Nasce così, in Via dei Monasteri, oggi Via XXIV Maggio, il primo nucleo del Monte di Pietà, i cui resti possiamo ammirare tutt’ora, all’incrocio con Via della Munizione, assieme a quelli della chiesa di Nostra Donna della Pietà, sede dell’Arciconfraternita. Il complesso monumentale si articola su più livelli e assume l’aspetto odierno in un periodo di quasi due secoli. Nel 1616, infatti, gli Azzurri decidono di ampliare la sede del Monte di Pietà e affidano l’incarico all’architetto Natale Masuccio, ex gesuita. È suo il progetto del palazzo, la cui architettura maestosa conserva i lineamenti classicheggianti tipici del manierismo toscano, stile molto in voga a Messina grazie all’influenza del Calamech e del Montorsoli, ma rivela già, nel sapiente gioco di chiaroscuri, di pieni e di vuoti, la transizione verso i fasti scenografici del primo Barocco. Purtroppo, Masuccio non poté ammirare la sua opera completa, perché morì qualche anno dopo, mentre i lavori erano fermi ancora alle fondamenta, per via di beghe giudiziarie col vicinato; la costruzione riprenderà diversi anni dopo, nel 1648, e sarà ultimata solo nel Settecento inoltrato con la costruzione del primo piano dell’edificio, distrutto poi dal sisma del 1908.
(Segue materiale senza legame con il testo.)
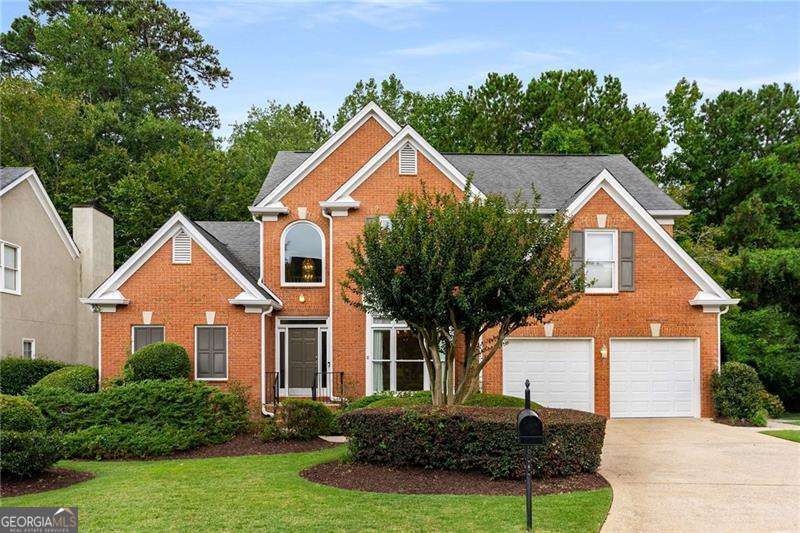 Welcome to 2381 Briarleigh Way- an impeccably maintained Pulte resale nestled in a tranquil, nature-filled setting in the heart of Dunwoody. This updated home features a sought-after primary suite on the main level and a fantastic, flowing floorplan. Step into the soaring two-story great room, the stunning centerpiece of the home, filled with natural light. The spacious kitchen opens to a fireside keeping room and overlooks a lush, private backyard. Entertain with ease in the oversized dining room with a dry bar, perfect for hosting. The luxury primary suite offers deck access, a spa-like bath with a whirlpool tub and oversized shower, plus a custom walk-in California closet. Upstairs are three well-sized secondary bedrooms and a full bath. The home lives beautifully as a single level with space above and a full unfinished terrace level below for future expansion or ample storage. Enjoy coffee or cocktails on the expansive deck surrounded by woods, a peaceful creek, and abundant nature- your own private oasis.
Entrati nell’edificio, e superato il breve corridoio centrale, su cui si aprono gli ambienti interni laterali, si raggiunge un ampio loggiato a tre archi, che a destra dà sulla rampa d’accesso al piano superiore e a sinistra offre alla vista una piccola fontana raffigurante un putto che cavalca un delfino. A catturare immediatamente lo sguardo è però la grandiosa corte interna, chiusa anteriormente dalla scenografica scalinata che porta all’ingresso della chiesa di Nostra Donna della Pietà. L’intero complesso fu costruito nel 1741, per commemorare i 200 anni di esistenza della Confraternita; l’impianto della scalea, progettato da Antonino Basile e Placido Campolo, interpreta con eleganza il gusto tardo-barocco per la teatralità con i suoi giochi di concavità e convessità. Fulcro della struttura è la Fontana dell’Abbondanza, posizionata al centro della scalinata, opera dello scultore Ignazio Buceti, che qui personifica l’Abbondanza in una giovane donna con una mano sulla cornucopia piena d’oro, simbolo di fertilità, e l’altra sul seno prosperoso: un segno di buon auspicio per un futuro migliore, rivolto ai meno fortunati che erano costretti a rivolgersi ai prestiti del Monte di Pietà.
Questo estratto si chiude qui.